Though I will say, if you copy and paste that question into ChatGPT, it can give you some options to respond in a diplomatic way ;)
The few people who don’t will be forced out naturally when they can’t keep up.
No. The Butlerian Jihad (https://dune.fandom.com/wiki/Butlerian_Jihad) hasn't happened yet.
I would guess that something similar could exist in the Terminator / Skynet timeline, but I am not aware of the religious beliefs of the humans struggling there.
I suspect I was just laid off for not using any of the AI tools at work. Here's why I didn't.
1) They were typically very low quality. Often just more hosted chatbots (and of course they pick the cheapest hosted models) with bad RAG on a good day.
2) It wasn't clear to me that my boss wasn't able to read corespondance with chatbots the way he could with my other coworkers which creates a kind of chilling effect. I don't reflexively ask it casual questions the way I do at home.
3) Most of my blockers were administrative, not technical. Not only could AI tools not help me with that but in typical corporate fashion trying to use the few sanctioned tools actually generated more administrative work for me.
Oh well. I'm kind of over corporate employment anyway and moving onto my own thing. Just another insane misfeature of that mode of socialization at that scale.

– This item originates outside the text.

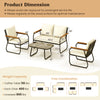 4-piece patio furniture set featuring a tempered glass coffee table, cushioned chairs, and a loveseat for outdoor.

"You want to use Claude code? Prove to us why copilot cannot do its job.". Wtf. I'm trying to do my job and the admins act as effing roadblocks so they can tick a box showing they gave everybody access. Now my job has suddenly become a judge of llms instead of doing actual work!
> Well, I thought I remembered you saying that you wanted to express yourself
A/V reference, for those inclined: https://www.youtube.com/watch?v=F7SNEdjftno
IMO this was the optimal approach, trying in my own time and not risking damaging the company codebase until it was safe... But I might have been fired, by the sounds of it.

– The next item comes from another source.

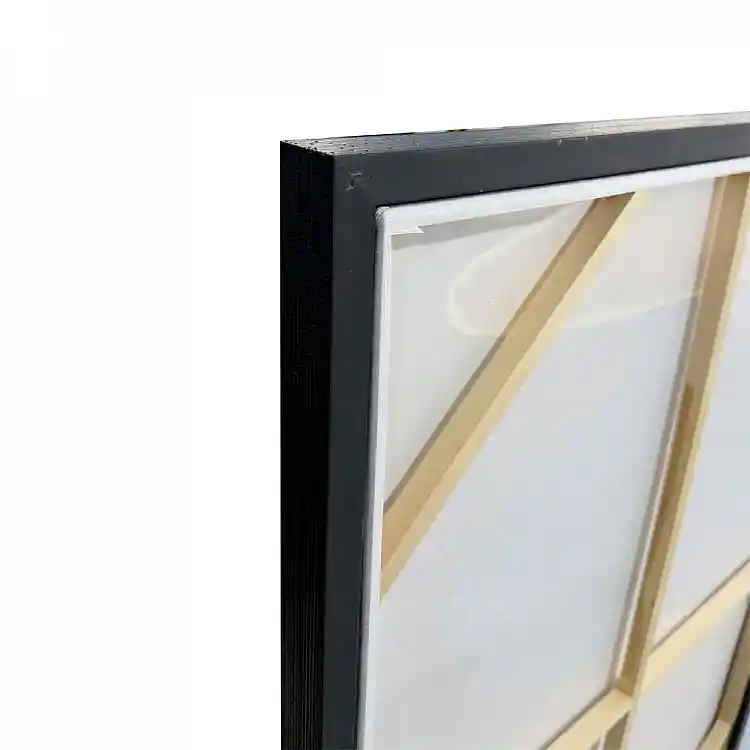 LIBERTA SIRKEL ΠΙΝΑΚΑΣ ΔΙΑΚΟΣΜΗΤΙΚΟΣ ΜΕ ΚΟΡΝΙΖΑ 80x120x4cm ΚΑΜΒΑΣ LEMON ΓΚΡΙ ΞΥΛΟ ΜΑΥΡΟ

This is not a story about AI.
Go sell stupid somewhere else. We're all stocked up here.
Is he returning a favor for all the goodies that "crypto" is getting from this administration? Like Tether being legitimized in El Salvador by best friend forever Bukele and having its finances and (alleged) USTD backing handled by Lutnick's Cantor Fitzgerald?
I think most people would agree that engineers outright refusing to comply with what was asked of them would be a "not good" reason for not onboarding.

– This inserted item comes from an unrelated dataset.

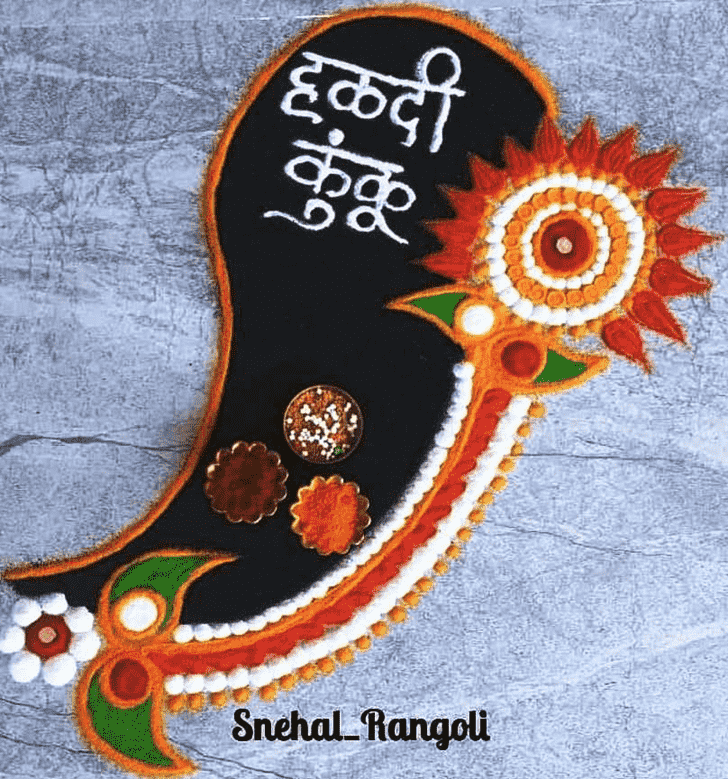 Splendid Haldi Kumkum Rangoli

But Brian Armstrong is playing Strong CEO for the podcast circuit. So he can't admit that engineers were let go for potentially justifiable reasons. He has to leave room for speculation. Speculation that maybe some engineers were let go for trivial reasons, because Brian is tough, and tough Brian demands complaint employees.
The people who didn't comply because they were on vacation and then had to go to a Saturday meeting to explain themselves think Brian is something -- but I guarantee it's not that he's tough.
We've all seen this playbook before. This is the incredibly dumb, Idiocracy-emulating world in which we now live.
I wonder how likely it is for CEO roles to get taken over by a sophisticated LLM at this point. I’d wager we’d see a 20x increase in value. I use and value llms in my coding and research workflows already but to fire people for careful and slow adoption speaks very poorly to individual and company maturity.
If i was working on a finance or finance adjacent company i'd be very hesitant to use anything that might send data outside the company.
I don't think this is true at all. In fact there are major tech companies that ban the use of AI when coding and those folks do it for their job everyday without an llm.